**DIRECTIONS:**
Output the opening lines of the records exactly. End with the line that contains "104 Shropshire Lane".

**INPUT DATA:**
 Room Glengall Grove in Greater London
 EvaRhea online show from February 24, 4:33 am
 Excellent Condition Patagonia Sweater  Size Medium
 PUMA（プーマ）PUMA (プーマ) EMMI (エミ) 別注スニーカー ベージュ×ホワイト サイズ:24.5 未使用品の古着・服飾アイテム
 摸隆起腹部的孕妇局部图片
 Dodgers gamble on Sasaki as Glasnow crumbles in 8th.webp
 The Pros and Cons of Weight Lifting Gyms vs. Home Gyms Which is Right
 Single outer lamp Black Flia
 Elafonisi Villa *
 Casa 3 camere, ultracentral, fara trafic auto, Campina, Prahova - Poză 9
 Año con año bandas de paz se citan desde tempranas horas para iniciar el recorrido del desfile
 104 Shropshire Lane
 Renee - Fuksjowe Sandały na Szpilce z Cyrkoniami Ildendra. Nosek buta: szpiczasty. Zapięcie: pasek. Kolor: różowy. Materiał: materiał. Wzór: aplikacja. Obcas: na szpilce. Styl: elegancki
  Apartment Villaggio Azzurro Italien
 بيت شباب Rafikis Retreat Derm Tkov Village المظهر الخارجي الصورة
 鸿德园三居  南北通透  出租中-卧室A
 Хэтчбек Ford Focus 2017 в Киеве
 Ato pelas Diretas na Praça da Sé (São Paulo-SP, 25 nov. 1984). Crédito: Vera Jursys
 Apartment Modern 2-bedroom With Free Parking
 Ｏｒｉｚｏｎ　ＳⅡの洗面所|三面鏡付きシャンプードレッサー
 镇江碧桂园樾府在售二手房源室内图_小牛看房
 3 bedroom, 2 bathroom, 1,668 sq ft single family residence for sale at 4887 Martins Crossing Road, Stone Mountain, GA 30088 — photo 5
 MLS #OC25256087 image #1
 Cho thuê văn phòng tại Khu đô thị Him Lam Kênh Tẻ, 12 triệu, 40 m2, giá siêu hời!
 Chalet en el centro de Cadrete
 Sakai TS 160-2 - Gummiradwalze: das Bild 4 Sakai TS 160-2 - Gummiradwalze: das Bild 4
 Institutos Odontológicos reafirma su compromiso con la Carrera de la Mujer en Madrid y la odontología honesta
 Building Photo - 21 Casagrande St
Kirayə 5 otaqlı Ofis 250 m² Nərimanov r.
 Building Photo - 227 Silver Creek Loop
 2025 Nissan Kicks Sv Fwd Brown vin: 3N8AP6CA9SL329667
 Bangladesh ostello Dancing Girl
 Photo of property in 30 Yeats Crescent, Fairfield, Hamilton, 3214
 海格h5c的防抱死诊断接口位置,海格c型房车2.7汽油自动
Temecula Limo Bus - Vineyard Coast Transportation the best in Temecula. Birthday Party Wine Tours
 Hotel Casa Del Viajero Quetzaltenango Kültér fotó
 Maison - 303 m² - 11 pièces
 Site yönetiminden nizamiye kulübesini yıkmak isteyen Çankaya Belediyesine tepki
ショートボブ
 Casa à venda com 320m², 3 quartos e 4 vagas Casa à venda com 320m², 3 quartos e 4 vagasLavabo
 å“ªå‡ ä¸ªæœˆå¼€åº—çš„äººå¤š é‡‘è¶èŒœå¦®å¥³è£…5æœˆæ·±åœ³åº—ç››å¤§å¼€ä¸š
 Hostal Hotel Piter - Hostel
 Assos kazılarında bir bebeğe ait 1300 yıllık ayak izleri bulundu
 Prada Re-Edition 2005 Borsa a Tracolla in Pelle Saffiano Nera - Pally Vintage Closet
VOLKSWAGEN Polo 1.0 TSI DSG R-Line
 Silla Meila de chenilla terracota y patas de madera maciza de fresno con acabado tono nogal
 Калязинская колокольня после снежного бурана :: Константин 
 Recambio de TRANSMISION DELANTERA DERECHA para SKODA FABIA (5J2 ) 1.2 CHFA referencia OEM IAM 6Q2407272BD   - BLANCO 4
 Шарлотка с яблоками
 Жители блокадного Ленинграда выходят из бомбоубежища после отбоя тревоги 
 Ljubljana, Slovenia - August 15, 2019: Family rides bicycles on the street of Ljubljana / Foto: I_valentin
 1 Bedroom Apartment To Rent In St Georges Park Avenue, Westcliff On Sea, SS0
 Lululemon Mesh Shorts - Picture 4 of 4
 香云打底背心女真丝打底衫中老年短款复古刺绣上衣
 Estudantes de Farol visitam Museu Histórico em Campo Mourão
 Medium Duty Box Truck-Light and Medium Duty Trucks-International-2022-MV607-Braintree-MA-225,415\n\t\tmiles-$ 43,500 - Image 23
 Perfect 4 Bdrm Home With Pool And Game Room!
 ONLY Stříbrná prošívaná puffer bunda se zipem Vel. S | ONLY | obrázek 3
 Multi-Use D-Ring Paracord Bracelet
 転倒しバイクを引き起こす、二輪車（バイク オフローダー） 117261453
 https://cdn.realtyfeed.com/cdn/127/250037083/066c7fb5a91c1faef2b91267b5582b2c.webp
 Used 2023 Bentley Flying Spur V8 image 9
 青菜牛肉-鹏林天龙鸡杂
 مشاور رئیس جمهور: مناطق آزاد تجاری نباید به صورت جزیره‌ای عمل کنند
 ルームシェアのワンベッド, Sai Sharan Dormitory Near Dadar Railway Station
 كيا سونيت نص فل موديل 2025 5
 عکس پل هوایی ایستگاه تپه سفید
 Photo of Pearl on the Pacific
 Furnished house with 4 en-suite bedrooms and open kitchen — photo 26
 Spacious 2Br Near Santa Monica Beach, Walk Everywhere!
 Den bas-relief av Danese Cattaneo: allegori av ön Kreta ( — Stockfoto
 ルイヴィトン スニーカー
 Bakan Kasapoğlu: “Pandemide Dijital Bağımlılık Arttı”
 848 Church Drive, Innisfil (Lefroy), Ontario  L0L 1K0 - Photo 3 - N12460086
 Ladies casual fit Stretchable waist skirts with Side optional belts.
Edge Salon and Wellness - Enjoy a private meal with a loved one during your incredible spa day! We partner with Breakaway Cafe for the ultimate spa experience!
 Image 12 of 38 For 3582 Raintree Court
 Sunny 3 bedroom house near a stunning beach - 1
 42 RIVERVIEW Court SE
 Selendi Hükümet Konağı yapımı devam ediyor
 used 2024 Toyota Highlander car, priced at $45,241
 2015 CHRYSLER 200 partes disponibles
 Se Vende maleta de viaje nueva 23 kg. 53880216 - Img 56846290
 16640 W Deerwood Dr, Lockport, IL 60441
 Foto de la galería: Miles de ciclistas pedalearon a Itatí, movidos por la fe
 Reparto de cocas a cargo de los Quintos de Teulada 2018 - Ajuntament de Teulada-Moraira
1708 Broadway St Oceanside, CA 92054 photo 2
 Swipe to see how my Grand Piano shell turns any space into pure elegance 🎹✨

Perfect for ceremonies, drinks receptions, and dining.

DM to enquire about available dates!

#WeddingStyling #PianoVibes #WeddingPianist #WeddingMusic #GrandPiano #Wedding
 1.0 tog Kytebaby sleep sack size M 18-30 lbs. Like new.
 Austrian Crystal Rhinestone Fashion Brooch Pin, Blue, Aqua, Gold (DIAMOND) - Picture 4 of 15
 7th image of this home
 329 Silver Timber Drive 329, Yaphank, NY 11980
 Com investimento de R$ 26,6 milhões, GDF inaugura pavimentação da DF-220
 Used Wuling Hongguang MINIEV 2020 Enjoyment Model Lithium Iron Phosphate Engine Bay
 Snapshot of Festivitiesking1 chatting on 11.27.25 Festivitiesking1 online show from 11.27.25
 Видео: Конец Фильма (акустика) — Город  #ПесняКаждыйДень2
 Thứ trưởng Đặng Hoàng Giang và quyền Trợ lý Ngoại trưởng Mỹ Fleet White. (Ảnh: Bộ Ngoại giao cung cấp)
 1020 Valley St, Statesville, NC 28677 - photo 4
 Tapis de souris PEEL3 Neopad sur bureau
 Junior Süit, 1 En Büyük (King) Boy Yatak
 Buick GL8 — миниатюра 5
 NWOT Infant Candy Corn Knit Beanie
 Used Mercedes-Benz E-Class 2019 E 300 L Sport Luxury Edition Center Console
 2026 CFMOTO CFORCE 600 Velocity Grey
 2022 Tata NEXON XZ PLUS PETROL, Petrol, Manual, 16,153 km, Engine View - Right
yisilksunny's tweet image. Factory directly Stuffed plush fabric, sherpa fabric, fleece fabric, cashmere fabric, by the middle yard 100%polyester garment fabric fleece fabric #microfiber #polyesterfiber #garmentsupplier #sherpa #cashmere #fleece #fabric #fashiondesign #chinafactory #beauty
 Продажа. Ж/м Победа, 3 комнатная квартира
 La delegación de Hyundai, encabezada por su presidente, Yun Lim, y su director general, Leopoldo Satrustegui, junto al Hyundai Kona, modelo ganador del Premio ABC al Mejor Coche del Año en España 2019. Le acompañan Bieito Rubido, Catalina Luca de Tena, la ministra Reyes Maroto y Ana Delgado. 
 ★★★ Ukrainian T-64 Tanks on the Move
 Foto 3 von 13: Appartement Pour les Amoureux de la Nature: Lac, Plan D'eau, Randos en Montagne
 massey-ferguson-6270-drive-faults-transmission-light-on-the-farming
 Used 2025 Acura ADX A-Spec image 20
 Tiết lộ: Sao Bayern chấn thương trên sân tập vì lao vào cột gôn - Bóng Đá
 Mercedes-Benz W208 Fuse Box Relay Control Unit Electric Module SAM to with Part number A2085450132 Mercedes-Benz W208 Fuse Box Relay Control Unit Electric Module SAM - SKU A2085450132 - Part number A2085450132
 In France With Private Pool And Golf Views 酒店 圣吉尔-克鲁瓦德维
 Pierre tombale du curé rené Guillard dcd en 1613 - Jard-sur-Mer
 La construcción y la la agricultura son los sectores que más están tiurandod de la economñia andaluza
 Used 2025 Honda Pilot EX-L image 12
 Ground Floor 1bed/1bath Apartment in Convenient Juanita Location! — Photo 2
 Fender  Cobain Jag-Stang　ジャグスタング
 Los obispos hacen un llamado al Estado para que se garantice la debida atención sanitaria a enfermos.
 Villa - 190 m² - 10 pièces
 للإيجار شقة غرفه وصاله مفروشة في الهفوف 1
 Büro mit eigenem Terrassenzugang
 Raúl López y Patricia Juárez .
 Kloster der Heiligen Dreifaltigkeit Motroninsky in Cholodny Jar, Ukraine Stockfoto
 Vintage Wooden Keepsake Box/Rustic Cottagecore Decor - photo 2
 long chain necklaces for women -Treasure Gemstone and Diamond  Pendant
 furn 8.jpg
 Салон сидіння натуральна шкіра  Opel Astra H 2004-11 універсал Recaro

**WRITTEN RESPONSE:**
 Room Glengall Grove in Greater London
 EvaRhea online show from February 24, 4:33 am
 Excellent Condition Patagonia Sweater  Size Medium
 PUMA（プーマ）PUMA (プーマ) EMMI (エミ) 別注スニーカー ベージュ×ホワイト サイズ:24.5 未使用品の古着・服飾アイテム
 摸隆起腹部的孕妇局部图片
 Dodgers gamble on Sasaki as Glasnow crumbles in 8th.webp
 The Pros and Cons of Weight Lifting Gyms vs. Home Gyms Which is Right
 Single outer lamp Black Flia
 Elafonisi Villa *
 Casa 3 camere, ultracentral, fara trafic auto, Campina, Prahova - Poză 9
 Año con año bandas de paz se citan desde tempranas horas para iniciar el recorrido del desfile
 104 Shropshire Lane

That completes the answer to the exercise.